Now that I’ve graduated high school and summer has officially started, I’m beginning to realize how lonely I am.  For the first two weeks of summer I had an insane amount of babysitting jobs which kept my mind completely pre-occupied and I didn’t think about what I would do when my babysitting jobs ended.  Well, guess what?  The long string of jobs has ended and my mind is now completely unoccupied which means the realization has finally kicked in.  By that I mean the realization that I really don’t have any friends.  Any real friends that is.  You see, my two “best friends” and I just got into, what we’ll call, a fight.  Long story short…we aired out our feelings and now…we’re not really friends.  So…I have had nobody to talk to or hang out with since school ended.  This sucks.
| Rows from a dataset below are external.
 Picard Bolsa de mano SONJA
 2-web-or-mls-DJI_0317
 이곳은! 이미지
Big time.  For the past few days I have been living on the internet.  I have become obsessed with YouTube, Tumblr, Twitter, and of course Facebook.  It’s become part of my daily routine to check these every, I don’t know, ten minutes or so.  It has become so routine that the people I follow on Tumblr, and Twitter, along with my YouTube gurus(which all coincidentally happen to be the same people for all three sites), have become, in my mind at least, my friends.  My virtual friends.  Is that sad?  I look forward to new posts from them everyday.  I seriously have zero life.  It shouldn’t be like this.  I’m an 18 year old girl…I should be out having an amazing time.  It’s summer for Christ’s sakes!  I should be out on the beach or at the pool, tanning with my best girl friends, or out doing crazy stuff with a huge group of my friends.  I should be taking loads of pictures and posting them of Facebook.  I should be having the time of my life…and yet I sit here, with an empty camera memory card,  trying to figure out where things went so terribly wrong.  
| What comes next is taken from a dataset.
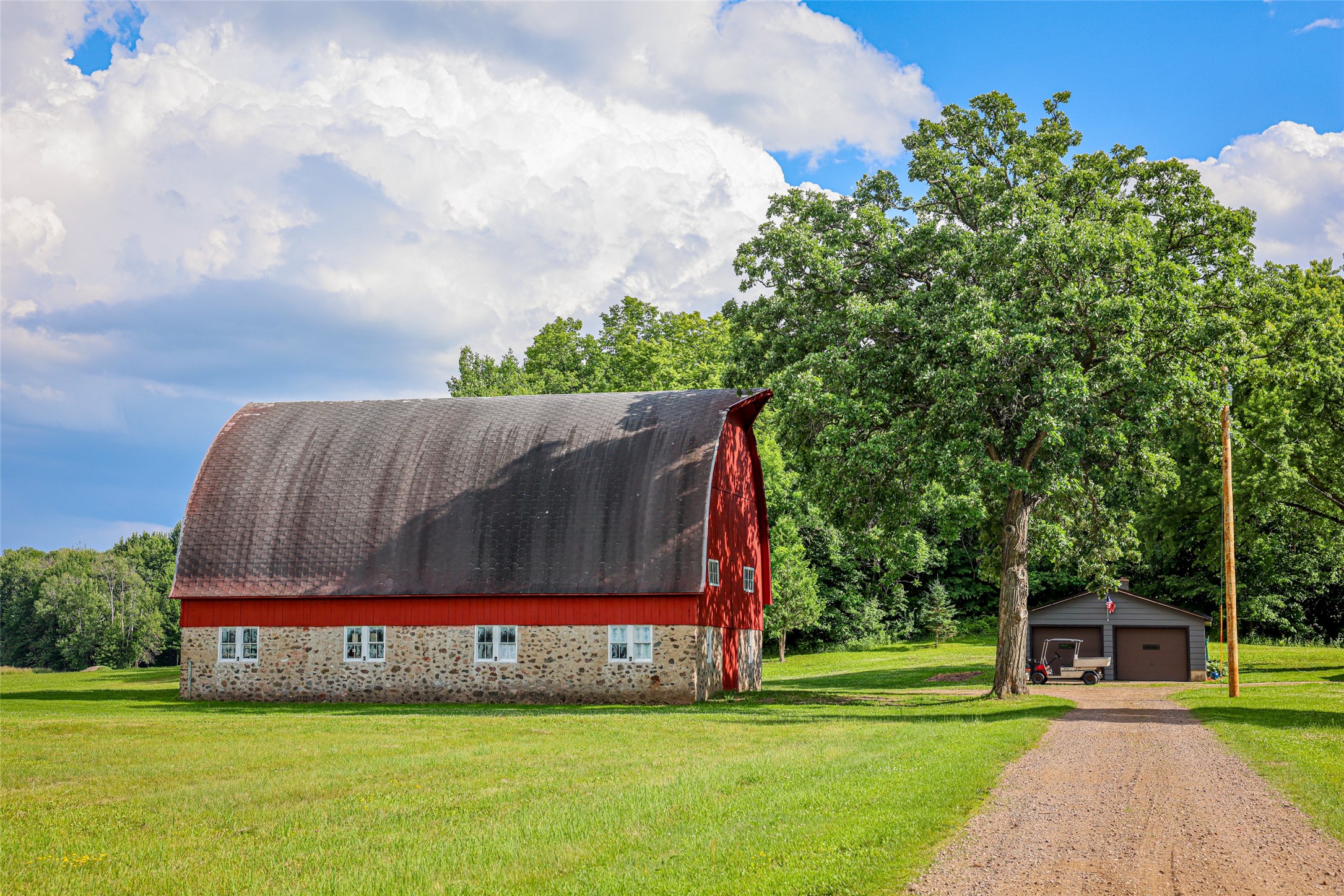14031 State Highway 178 Property Photo 2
I have also been thinking a lot about my relationship status.  You all remember my “30 Day Challenge” right?  Well day 13?  I think about him all the time.  Why?  I couldn’t even begin to tell you.  I start to think that I miss him.  Part of that may be true.  I start to think that I really want him back.  But what I think I really miss is not him, but the concept of him.  The concept of having a boyfriend.  I don’t really know why.  I think it’s because I see so many people around me in happy relationships and I want that for myself. 

I can’t wait for my classes to start.  I can’t wait to start making new friends.  I can’t wait to have something to keep my mind off of all this crap.  It’s a new beginning.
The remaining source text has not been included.